• TRY IT:
Keep the images out and set the listing below down word for word.

• DATA EXCERPT:
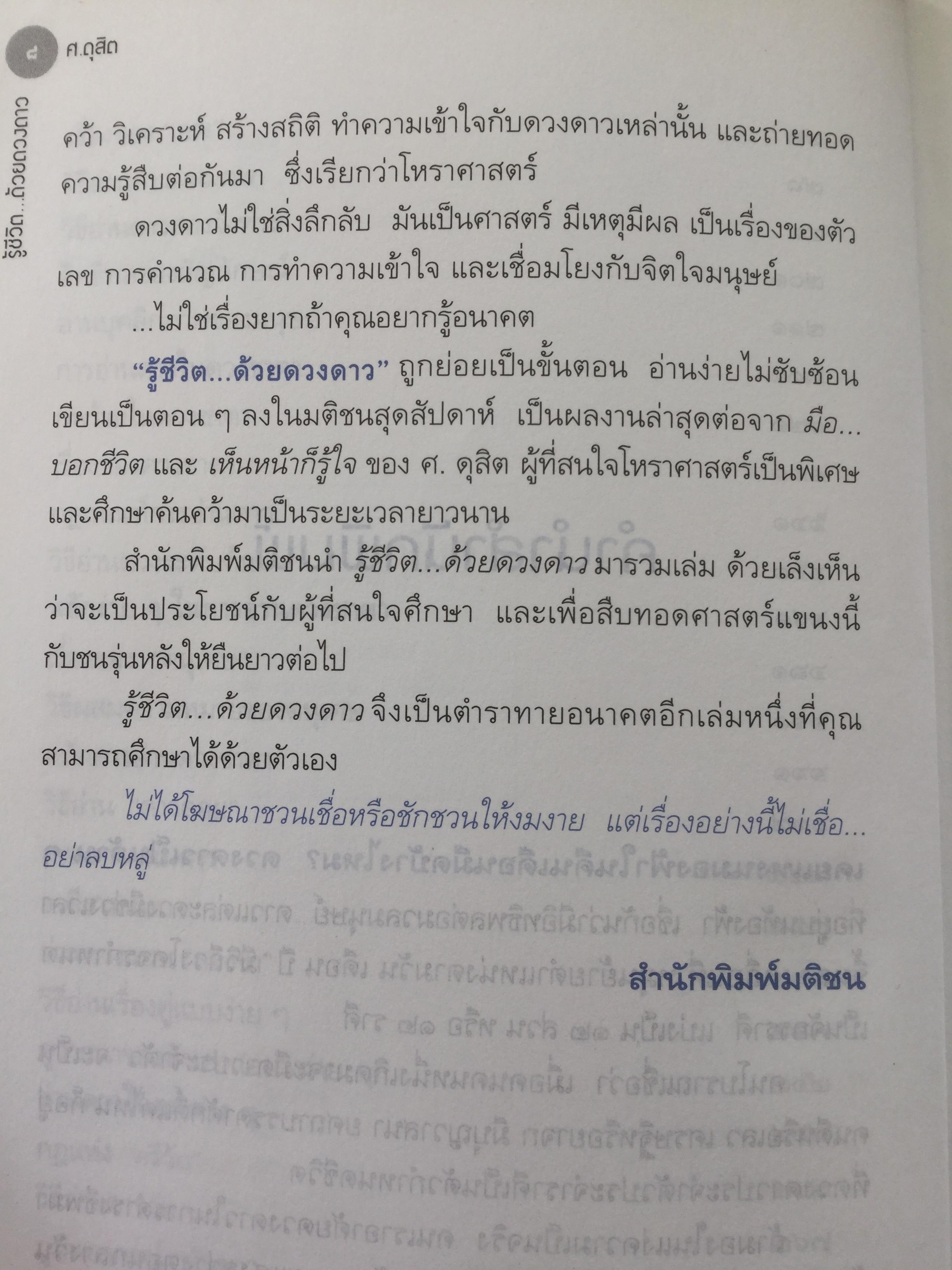 รู้ชีวิต ด้วยดวงดาว. อ่านอนาคตของคุณไม่ยากหรอก แค่รู้จักดาว 10 ดวงเท่านั้น. ผู้เขียน ศ. ดุสิต 1,600 กรัม
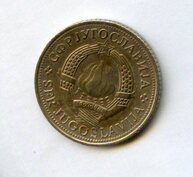5 динар 1971 года (14295)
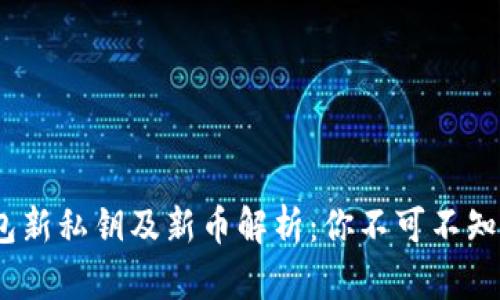 2023年tp钱包新私钥及新币解析：你不可不知的投资新机遇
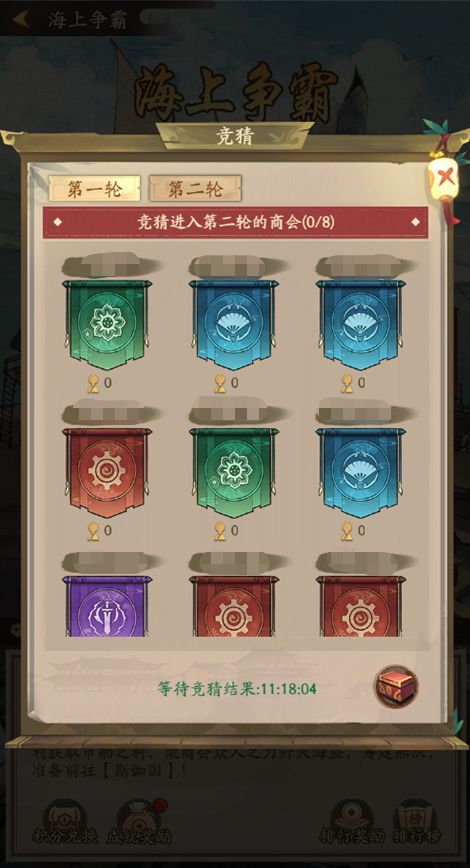 【获奖名单】汴梁茶话会|大家都是怎么接触到大掌柜这款游戏的？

• WRITTEN RESPONSE:
 รู้ชีวิต ด้วยดวงดาว. อ่านอนาคตของคุณไม่ยากหรอก แค่รู้จักดาว 10 ดวงเท่านั้น. ผู้เขียน ศ. ดุสิต 1,600 กรัม
5 динар 1971 года (14295)
 2023年tp钱包新私钥及新币解析：你不可不知的投资新机遇
 【获奖名单】汴梁茶话会|大家都是怎么接触到大掌柜这款游戏的？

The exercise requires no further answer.